# word order



## littlepond

Hello everyone, again!

I came upon this imagined conversation between a mother and her daughter in the book I'm learning Turkish from:






Now, the book had earlier said that in Turkish word ordering, usually the word just before the verb has the greatest emphasis. In the conversation above, in the last question (from the daughter to the mother), I would have thought the girl would put emphasis on the "cat": i.e., haven't you seen _her_ either? (As the mother had already not seen the dog as well, it wouldn't make much sense to me that the girl emphasises the mother, again.)

However, in the question "Onu sen de görmedim mi?", isn't the emphasis again on "sen de", the words right before the verb?

Thanks in advance!


----------



## misi2991

Hello,

This conversation is probably written by a non-native speaker. I don't know much about the rules of Turkish grammar, but as a native speaker, I'd put the "mi" after whatever it is I want to emphasise. e.g. Sen de mi (onu) görmedin? / Kediyi de mi görmedin?


----------



## littlepond

misi2991 said:


> Hello,
> 
> This conversation is probably written by a non-native speaker. I don't know much about the rules of Turkish grammar, but as a native speaker, I'd put the "mi" after whatever it is I want to emphasise. e.g. Sen de mi (onu) görmedin? / Kediyi de mi görmedin?



Thanks, that is much more logical to my mind! The book is indeed written by an American.


----------



## Şafak

The book gives a very good rule of thumb.


littlepond said:


> Onu sen de görmedim mi


Doğru değil.

'Onu sen de görme*din* mi?' olmalı.

Just stick to this word order for now.


----------



## Rallino

Şafak said:


> The book gives a very good rule of thumb.
> 
> Doğru değil.
> 
> 'Onu sen de görme*din* mi?' olmalı.
> 
> Just stick to this word order for now.


Why should they stick to this word order? 

Onu sen de görmedin mi? and Onu sen de mi görmedin? are used in completely different contexts, and as misi said, _Onu sen de mi görmedin?_ should have been used in the dialogue.

Onu sen de görmedin mi? is a very rare syntax, and could be used when asking rhetorically: "didn't you see it too? It was amazing!" - the speaker probably knows that the other person saw it. It's just for the surprise effect.

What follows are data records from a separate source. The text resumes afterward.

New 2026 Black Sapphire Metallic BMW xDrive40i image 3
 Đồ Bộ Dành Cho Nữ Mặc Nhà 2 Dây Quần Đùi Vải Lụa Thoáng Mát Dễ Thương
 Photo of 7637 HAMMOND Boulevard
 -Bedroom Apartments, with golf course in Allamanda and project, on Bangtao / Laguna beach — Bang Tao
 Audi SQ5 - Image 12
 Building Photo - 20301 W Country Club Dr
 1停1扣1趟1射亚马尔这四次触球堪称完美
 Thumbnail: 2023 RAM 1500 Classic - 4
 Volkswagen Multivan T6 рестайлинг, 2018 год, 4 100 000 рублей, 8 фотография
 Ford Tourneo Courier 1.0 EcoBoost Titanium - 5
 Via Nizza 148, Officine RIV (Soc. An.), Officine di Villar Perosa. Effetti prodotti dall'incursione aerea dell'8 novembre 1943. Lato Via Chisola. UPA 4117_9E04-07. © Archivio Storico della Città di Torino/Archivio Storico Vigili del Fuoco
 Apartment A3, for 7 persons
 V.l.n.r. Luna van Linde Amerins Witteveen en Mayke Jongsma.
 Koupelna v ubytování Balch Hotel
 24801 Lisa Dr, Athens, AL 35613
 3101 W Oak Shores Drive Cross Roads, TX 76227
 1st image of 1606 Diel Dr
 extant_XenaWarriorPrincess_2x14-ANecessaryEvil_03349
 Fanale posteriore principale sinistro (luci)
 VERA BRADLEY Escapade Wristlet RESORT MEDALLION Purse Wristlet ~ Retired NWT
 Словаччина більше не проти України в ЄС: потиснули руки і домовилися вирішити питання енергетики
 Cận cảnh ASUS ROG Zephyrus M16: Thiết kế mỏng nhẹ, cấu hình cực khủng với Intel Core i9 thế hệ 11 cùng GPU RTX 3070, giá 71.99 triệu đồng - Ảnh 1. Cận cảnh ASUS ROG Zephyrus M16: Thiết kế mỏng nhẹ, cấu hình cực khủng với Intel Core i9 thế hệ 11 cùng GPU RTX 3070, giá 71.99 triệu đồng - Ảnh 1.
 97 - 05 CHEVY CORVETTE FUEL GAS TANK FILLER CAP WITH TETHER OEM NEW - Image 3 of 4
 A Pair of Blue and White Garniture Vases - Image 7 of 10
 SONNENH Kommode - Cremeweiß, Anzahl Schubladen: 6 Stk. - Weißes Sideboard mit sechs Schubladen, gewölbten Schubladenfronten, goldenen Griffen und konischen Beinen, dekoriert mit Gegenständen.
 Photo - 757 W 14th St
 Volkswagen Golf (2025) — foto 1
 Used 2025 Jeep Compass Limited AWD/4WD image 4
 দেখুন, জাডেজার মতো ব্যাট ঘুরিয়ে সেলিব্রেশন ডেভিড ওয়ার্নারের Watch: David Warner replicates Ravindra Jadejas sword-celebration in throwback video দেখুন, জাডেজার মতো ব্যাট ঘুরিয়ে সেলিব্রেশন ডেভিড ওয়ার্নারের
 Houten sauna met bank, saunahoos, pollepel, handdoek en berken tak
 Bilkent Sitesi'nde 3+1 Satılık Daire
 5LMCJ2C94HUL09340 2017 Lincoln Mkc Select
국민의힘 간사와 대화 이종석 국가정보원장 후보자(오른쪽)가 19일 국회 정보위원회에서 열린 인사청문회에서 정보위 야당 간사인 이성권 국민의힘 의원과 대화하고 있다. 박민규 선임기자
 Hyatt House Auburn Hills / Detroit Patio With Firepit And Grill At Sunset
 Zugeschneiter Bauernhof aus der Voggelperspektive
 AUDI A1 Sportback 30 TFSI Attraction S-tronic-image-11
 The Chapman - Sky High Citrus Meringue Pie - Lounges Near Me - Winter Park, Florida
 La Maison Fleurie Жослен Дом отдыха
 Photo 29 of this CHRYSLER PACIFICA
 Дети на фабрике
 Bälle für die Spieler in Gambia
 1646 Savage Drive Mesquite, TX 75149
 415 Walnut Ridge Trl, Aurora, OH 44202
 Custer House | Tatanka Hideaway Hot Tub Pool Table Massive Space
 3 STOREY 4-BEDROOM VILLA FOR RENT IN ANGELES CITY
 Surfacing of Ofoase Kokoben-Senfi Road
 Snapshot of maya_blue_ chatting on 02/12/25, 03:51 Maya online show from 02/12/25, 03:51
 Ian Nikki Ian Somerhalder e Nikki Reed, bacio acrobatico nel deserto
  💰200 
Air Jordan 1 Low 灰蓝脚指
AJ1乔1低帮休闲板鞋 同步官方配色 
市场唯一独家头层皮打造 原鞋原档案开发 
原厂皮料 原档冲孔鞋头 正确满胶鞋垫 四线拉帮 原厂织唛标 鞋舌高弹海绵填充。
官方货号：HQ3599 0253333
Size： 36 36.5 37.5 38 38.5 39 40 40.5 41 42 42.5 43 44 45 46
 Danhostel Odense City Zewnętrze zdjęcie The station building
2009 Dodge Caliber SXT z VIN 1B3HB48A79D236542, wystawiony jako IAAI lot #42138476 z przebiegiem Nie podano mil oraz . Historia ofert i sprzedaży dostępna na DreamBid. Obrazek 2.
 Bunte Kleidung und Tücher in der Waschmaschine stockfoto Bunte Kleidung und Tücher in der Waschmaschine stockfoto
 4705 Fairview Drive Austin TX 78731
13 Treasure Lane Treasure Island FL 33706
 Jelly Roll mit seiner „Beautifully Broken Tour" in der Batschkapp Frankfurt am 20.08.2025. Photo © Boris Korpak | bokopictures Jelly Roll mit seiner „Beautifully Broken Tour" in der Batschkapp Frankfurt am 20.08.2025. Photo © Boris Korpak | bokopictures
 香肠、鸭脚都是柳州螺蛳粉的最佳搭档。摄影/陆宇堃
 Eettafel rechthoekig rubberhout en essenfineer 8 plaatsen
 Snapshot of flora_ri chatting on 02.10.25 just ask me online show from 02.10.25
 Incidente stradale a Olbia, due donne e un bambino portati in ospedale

_Onu sen de mi görmedin? _means I (or someone) didn't see it. Didn't you see it either? - here it's a genuine question, asking if the other person also belongs to the group of people that didn't see it.


----------



## Şafak

Rallino said:


> Why should they stick to this word order?
> 
> Onu sen de görmedin mi? and Onu sen de mi görmedin? are used in completely different contexts, and as misi said, _Onu sen de mi görmedin?_ should have been used in the dialogue.
> 
> Onu sen de görmedin mi? is a very rare syntax, and could be used when asking rhetorically: "didn't you see it too? It was amazing!" - the speaker probably knows that the other person saw it. It's just for the surprise effect.
> 
> _Onu sen de mi görmedin? _means I (or someone) didn't see it. Didn't you see it either? - here it's a genuine question, asking if the other person also belongs to the group of people that didn't see it.


Anladım. 
I can explain why. Because the flexibility of "mi" can be very confusing to learners. That's why I suggested using the most standard word order which can be found in every textbook (but not in every textbook you'll see how "mi" traverses sentences and follows whatever the writer / speakers wants to put emphasis on.


----------



## littlepond

Thanks, @Şafak, for your consideration, but the flexibility of this "mi" is not confusing to me: in Hindi, my native tongue, the word order is very flexible, so in fact a rigid word order makes my mind more confused! Also, the writer of the book I'm learning from has already said beforehand that that the interrogative particle ("-mi") need not be placed at the end only.

Thanks, everyone!


----------